Bir Kamu Kuruluşu olan
Türkiye Elektrik Üretim-İletim A.Ş. (TEAŞ) Genel Müdürlüğü; 2001 yılında
Bakanlar Kurulu Kararı ile Elektrik
Üretim A.Ş. (EÜAŞ), Türkiye Elektrik İletim A.Ş. (TEİAŞ)
ve Türkiye Elektrik Ticaret ve Taahhüt A.Ş. (TETAŞ) unvanlı üç ayrı anonim
şirket olarak yapılandırılmıştır. 2018 yılında 703 sayılı Kanun Hükmünde Kararname
(KHK) ile Türkiye Elektrik ve Ticaret ve Taahhüt A.Ş., EÜAŞ bünyesine
alınmıştır.
Elektrik Piyasası
Kanunu’nun yayımlanmasından itibaren Kamu’nun elektrik üretimi ile ilgili
yatırım yapması özel sermayeli enerji üretim şirketlerine geçmiştir.
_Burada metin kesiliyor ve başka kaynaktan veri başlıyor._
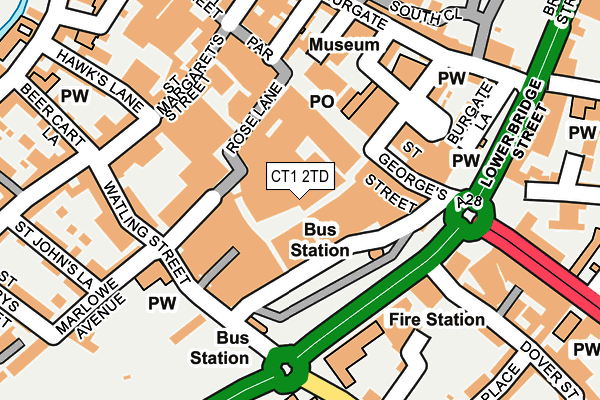 CT1 2TD map - OS OpenMap – Local (Ordnance Survey)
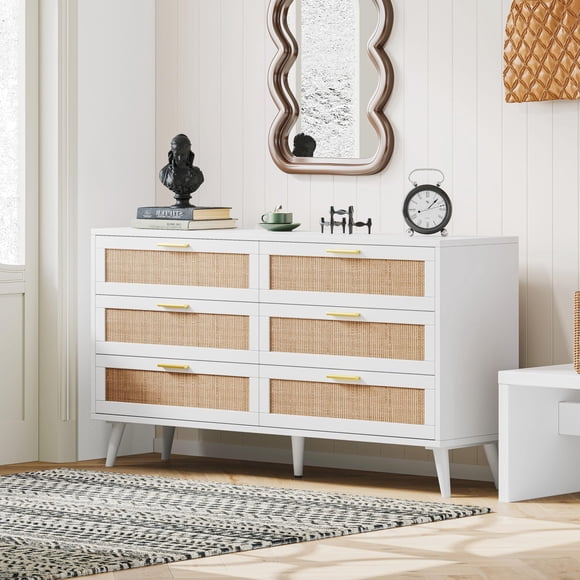 Zocalo Cómoda 6 Cajones de Madera Ratá, Tiradores Dorados,Patas Robustas, Moderna | Mesita de Noche Armario de Dormitorio, Cómoda de Salón para Sala de Estar, 120*40*75CM, Blanco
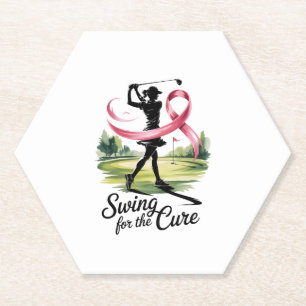 Dessous-de-verre En Papier Swing for the Cure Golf Breast Cancer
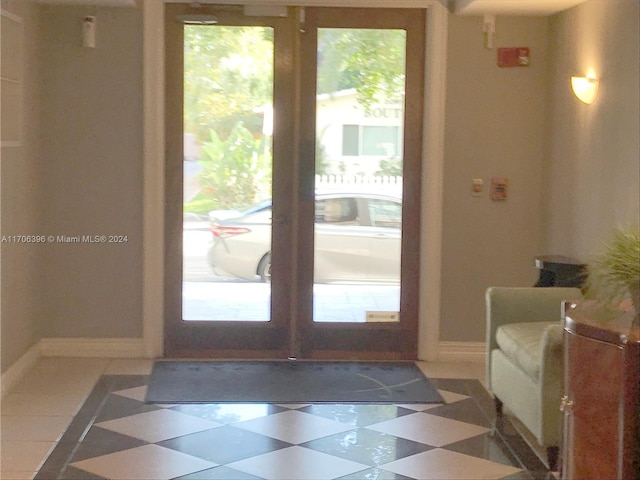 doorway to outside with french doors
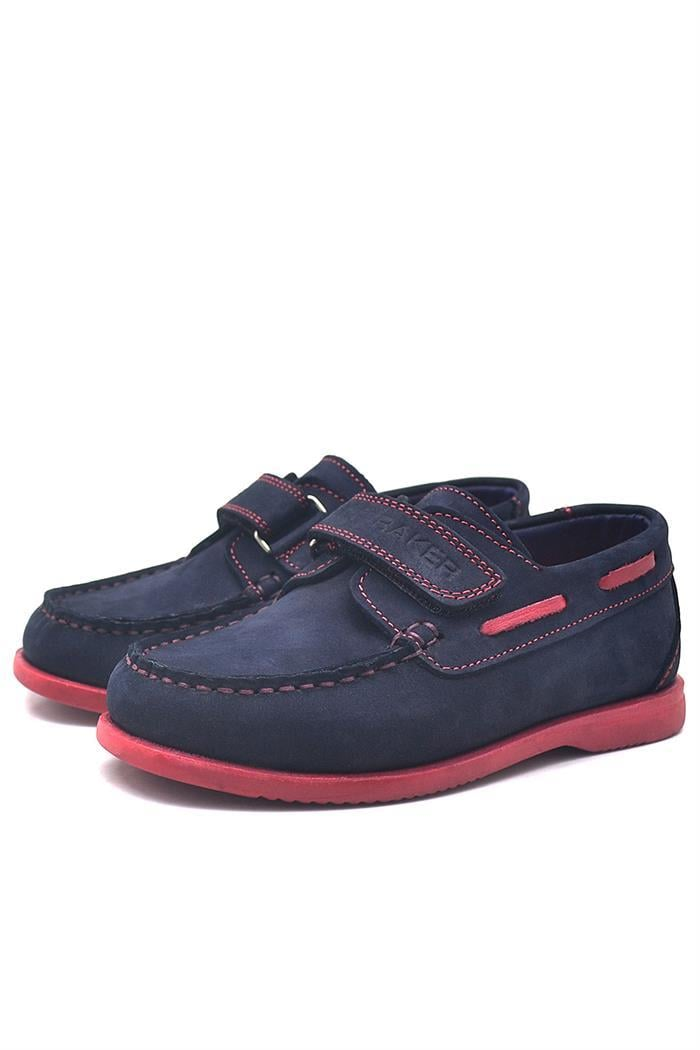 Rakerplus Simurg Hakiki Deri Lacivert Cırtlı Spor Erkek Çocuk Ayakkabı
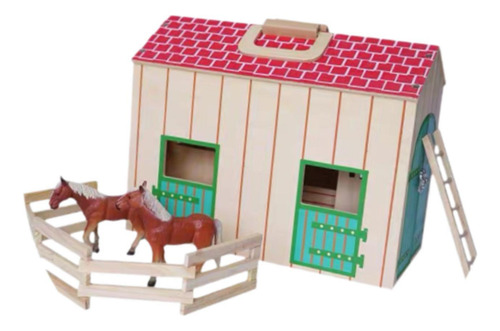 De Caballos De Madera En Miniatura, Casa De Muñecas, Mesa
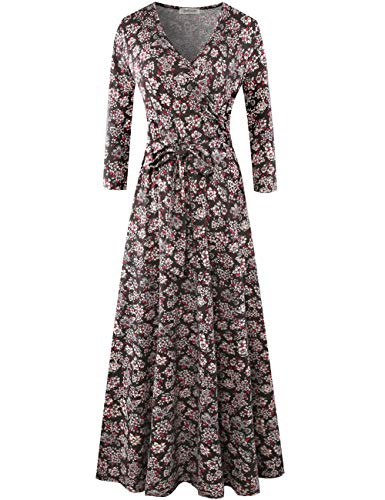 Aphratti Womens 3 4 Sleeve Faux Wrap Maxi Dress Floral Fit Flare V Neck Long Dresses Floral Grey S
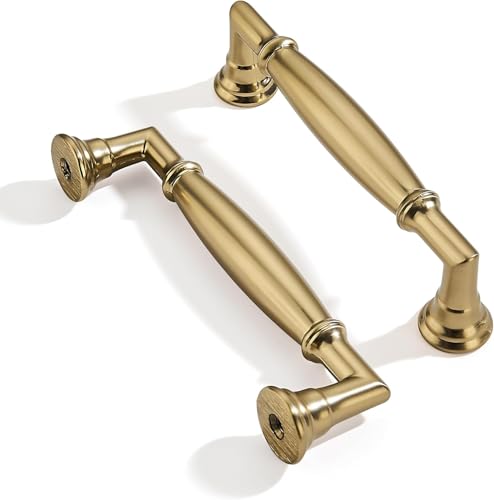 2 Pack 4 Inch Hole Center Brushed Brass Cabinet pulls Solid Satin Brass Heavy Duty Cabinet Pull Cabinet Handles Kitchen Cabinet Hardware Vanity Handles Bathroom Cabinet pulls - color: Brushed Brass, size: 4 Inch(102mm)hole center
Elektrik
Piyasasında serbest üretim santrallerinin Kurulu gücü her geçen zaman artarak
2019 yılı itibariyle toplam kapasitenin %79’u seviyesine kadar ulaşmıştır. 2001
yılında Kamu şirketinin (EÜAŞ) % 80’lerde olan payı, o yıllarda inşa süreci
devam eden santraller dışında başka santral yapılmaması ve özelleştirmelerin de
etkisiyle % 21’e kadar gerilemiştir.

Yine 2001 yılında ülkemizin elektrik enerjisi Kurulu gücü 28.000 MW’larda
iken çok hızlı bir artış yaparak 2019 yılı sonu itibariyle 91.000 MW’lara yükselmiştir. TEİAŞ’ın verilerine göre; 2019 Aralık
ayı sonu ile birlikte ülkemizin Kurulu gücü 2018
yılına göre yüzde 3,07 artarak 91.267 MW’a ulaşmıştır. Kurulu gücün yüzde
28,38’ini doğalgaz kaynaklı santraller, yüzde 22,62’sini barajlı hidrolik santraller,
yüzde 11,07’sini ise linyit kaynaklı santraller oluşturmuştur. Yenilebilir
enerji kaynaklarından üretim yapan santrallerin Kurulu güçleri toplamı ise
44.767 MW’ı bulmuştur. 2019 yılı sonu itibariyle santral sayısı da 2018 yılına
oranla yüzde 15,71 artarak 8589’a ulaşmıştır [2].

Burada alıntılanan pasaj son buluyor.